Job Description
The Astronomer Customer Reliability Engineering (CRE) team is responsible for the success of our customers' usage of our managed Airflow service. The CREs are responsible for operating, monitoring, and maintaining the platform to ensure availability, predictability, and reliable operations. As an infrastructure specialist, you will learn to become an expert on the reliability of Kubernetes and the underlying cloud infrastructure on all 3 public clouds (AWS, Azure, and GCP). Our CRE team ensures production environments are available, predictable, and reliable for our customers. You will create strong relationships with customers and help them achieve their reliability goals.

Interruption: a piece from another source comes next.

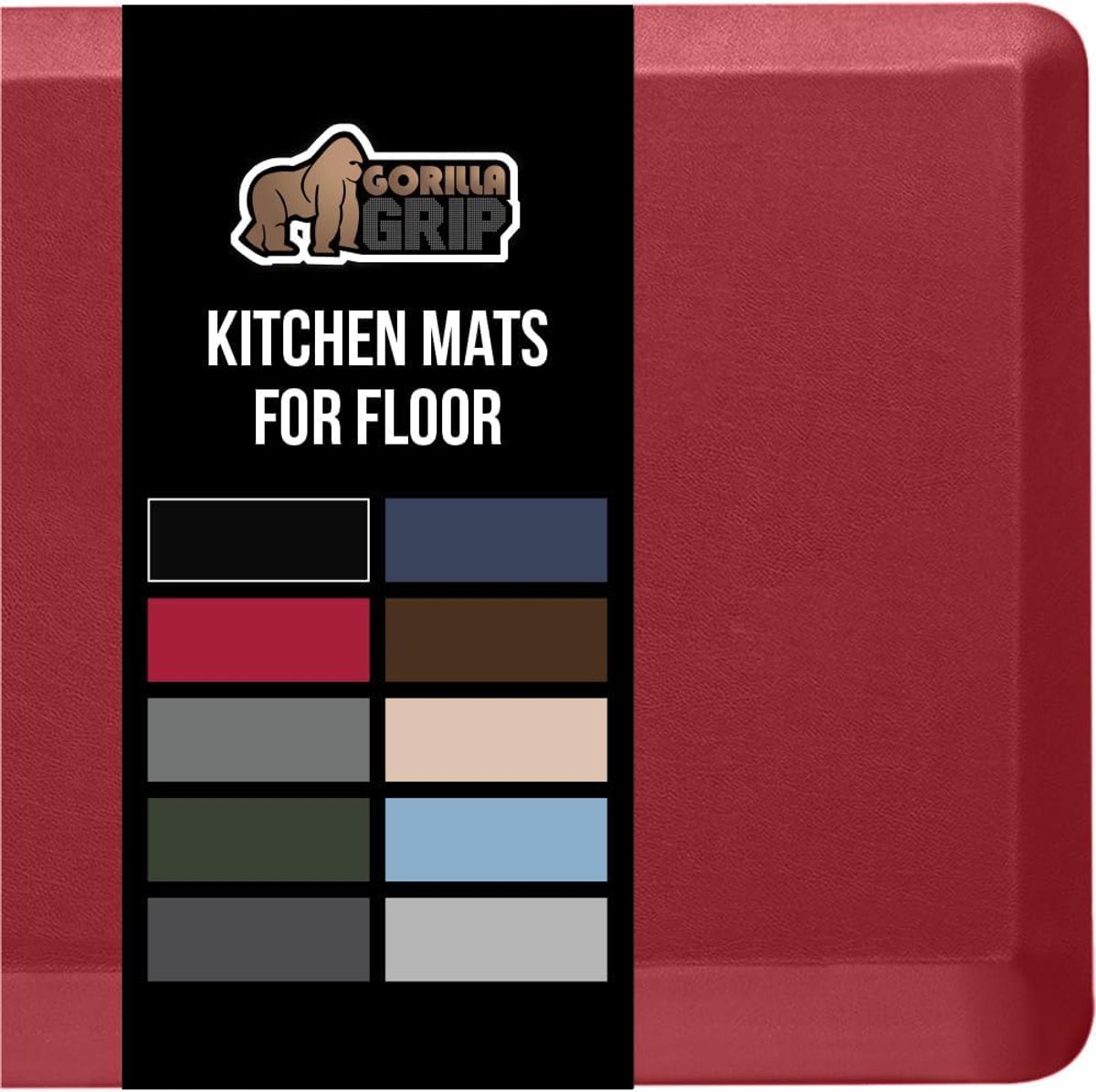 Keuken Vloermat - Anti-vermoeidheid Mat - Lang Staan - Extra Dik Schuim - Rood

Responsibilities include learning and building expertise across several software engineering disciplines (Kubernetes, Cloud engineering, Cloud networking), gaining broad exposure to product, engineering, and customer relationship management, and spending time on side-projects that contribute to Astronomer’s overall success, such as contributing to the open-source Airflow repository or developing Astronomer’s internal monitoring and alerting systems built on Airflow.
You will be working directly with our customers’ data engineers, system admins, DevOps teams, and management, providing feedback from your experience that can shape the direction of Astronomer’s products, owning the customer experience by working directly with customers to prioritize and solve issues and meet SLAs, participating remotely within a fully distributed team, helping maintain 24x7 coverage, and participating in paid on-call rotation for weekend coverage.
About Astronomer
Astronomer empowers data teams to bring mission-critical software, analytics, and AI to life and is the company behind Astro, the industry-leading unified DataOps platform.